▸ TASK DESCRIPTION: Please, starting at the line that contains "Board members take", reproduce every line exactly until the records run out, skipping all pictures.

[Records from a collection]
____

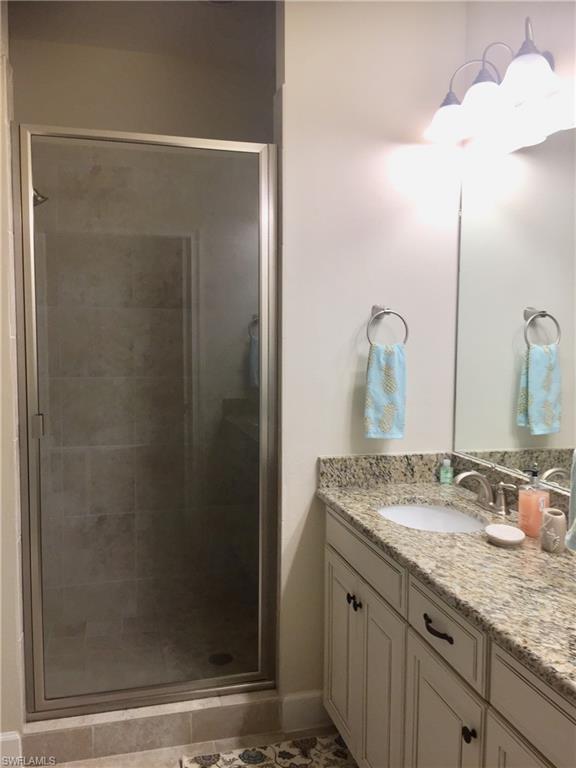9426 Benvenuto Court, Unit 203 Naples, FL 34119 - Photo 19 of 42 a bathroom with a granite countertop sink and a mirror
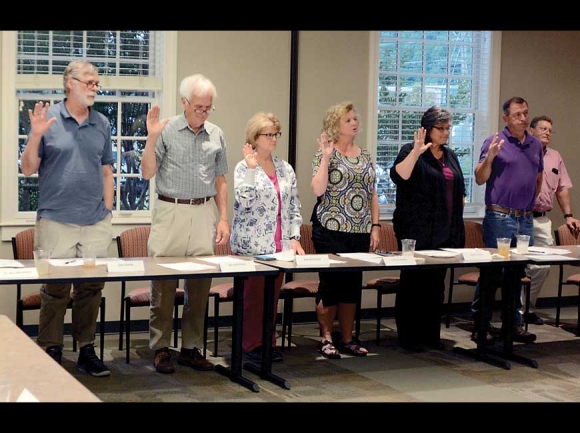 Board members take their oath of office during the board’s inaugural meeting June 11. Jerry DeWeese (second from right) would resign this position within the hour. Holly Kays photo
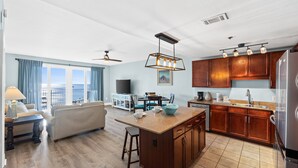 A spacious living area with a sofa, a dining table, and a kitchen with wooden cabinets and a refrigerator.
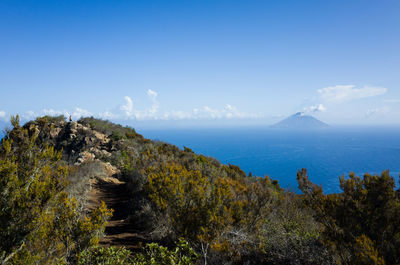 Scenic view of sea and mountains against blue sky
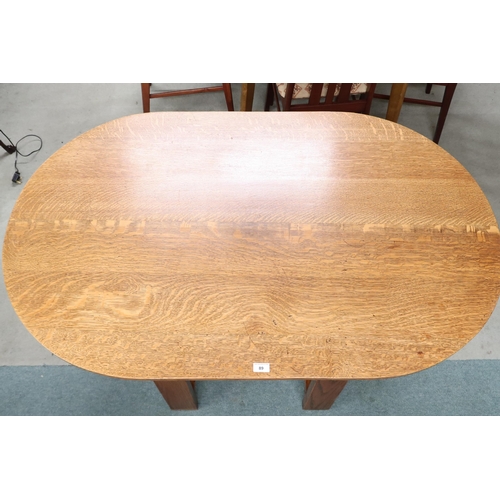 89 - An early to mid 20th century oak E Gomme D end table on rectangular supports with carved decoration ...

____

▸ EXERCISE RESULT:
 Board members take their oath of office during the board’s inaugural meeting June 11. Jerry DeWeese (second from right) would resign this position within the hour. Holly Kays photo
 A spacious living area with a sofa, a dining table, and a kitchen with wooden cabinets and a refrigerator.
 Scenic view of sea and mountains against blue sky
 89 - An early to mid 20th century oak E Gomme D end table on rectangular supports with carved decoration ...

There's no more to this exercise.